* Problem requirements *
Write out the listing exactly, dropping any picture it contains.

* Source material *
*** Begin section ***

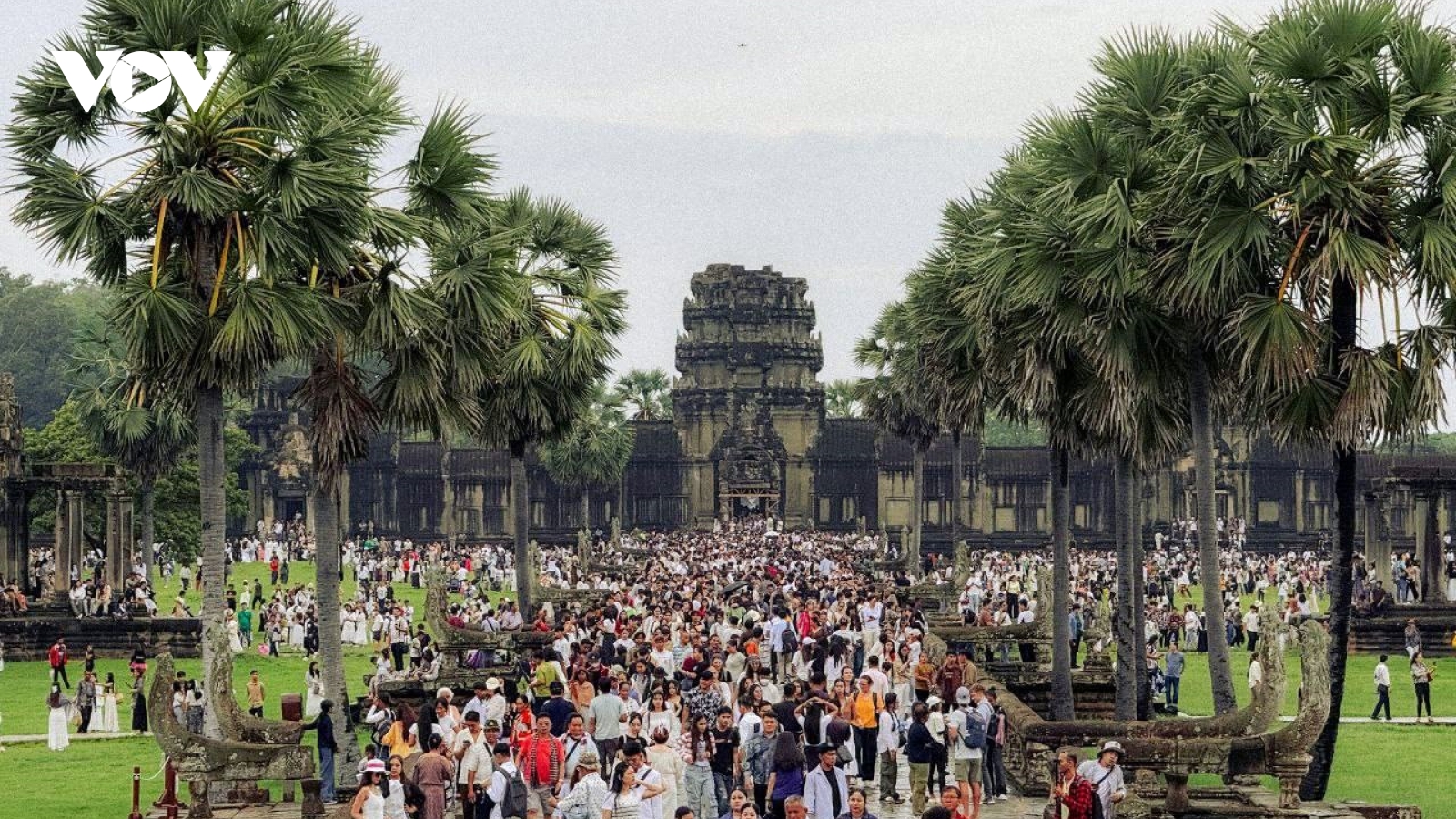 Việt Nam là nguồn khách quốc tế lớn nhất của Campuchia năm 2025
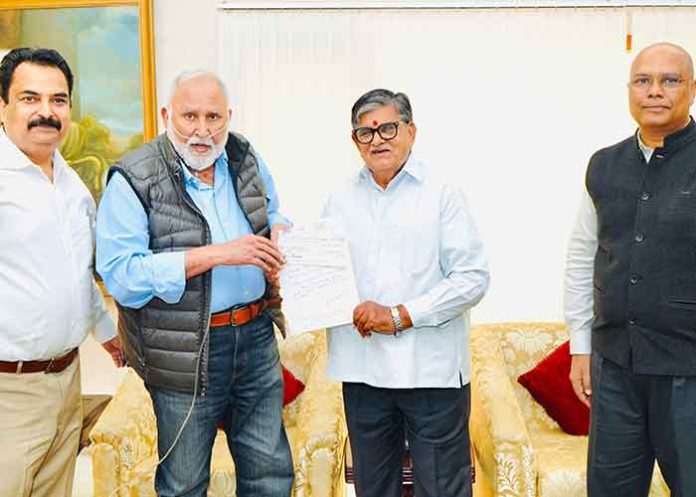 Vijay Passi Gives cheque to Punjab Governor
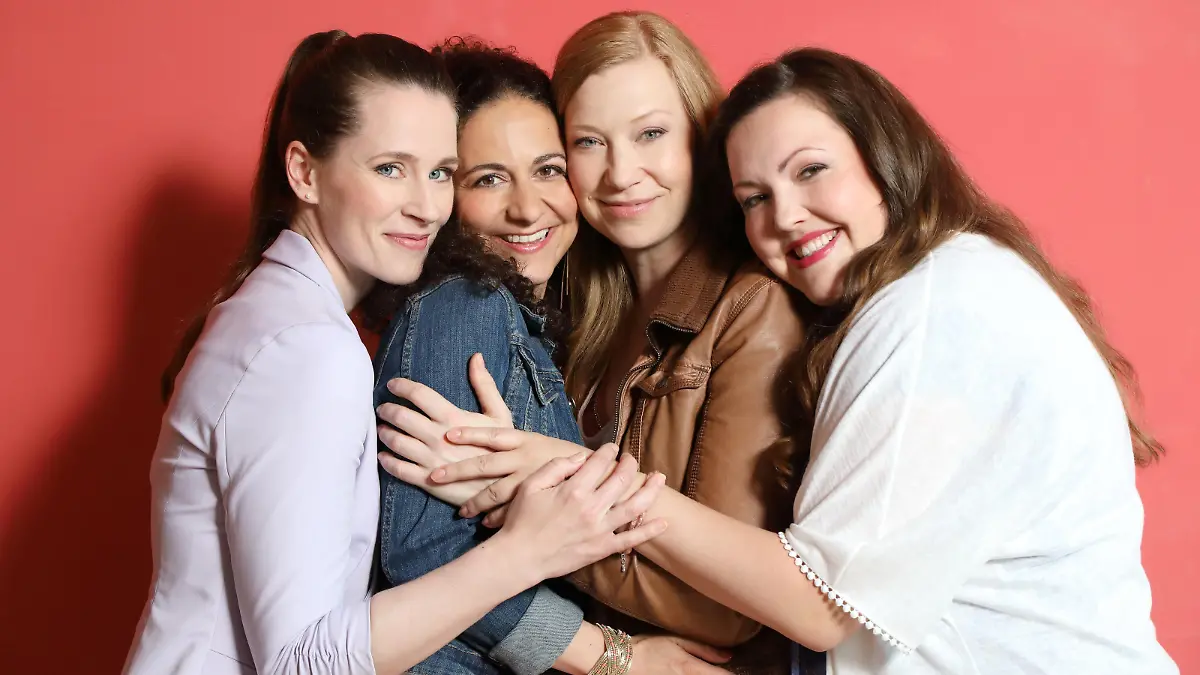 Die vier Freundinnen v.l.: Heike (Katrin Höft), Kaya (Shirin Soraya), Tina (Franziska Arndt) und Nadine (Sarah Victoria Schalow)

Die Verwendung des sendungsbezogenen Materials ist nur mit dem Hinweis und Verlinkung auf RTL+ gestattet.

*** End section ***

* Exercise output *
 Việt Nam là nguồn khách quốc tế lớn nhất của Campuchia năm 2025
 Vijay Passi Gives cheque to Punjab Governor
 Die vier Freundinnen v.l.: Heike (Katrin Höft), Kaya (Shirin Soraya), Tina (Franziska Arndt) und Nadine (Sarah Victoria Schalow)

Die Verwendung des sendungsbezogenen Materials ist nur mit dem Hinweis und Verlinkung auf RTL+ gestattet.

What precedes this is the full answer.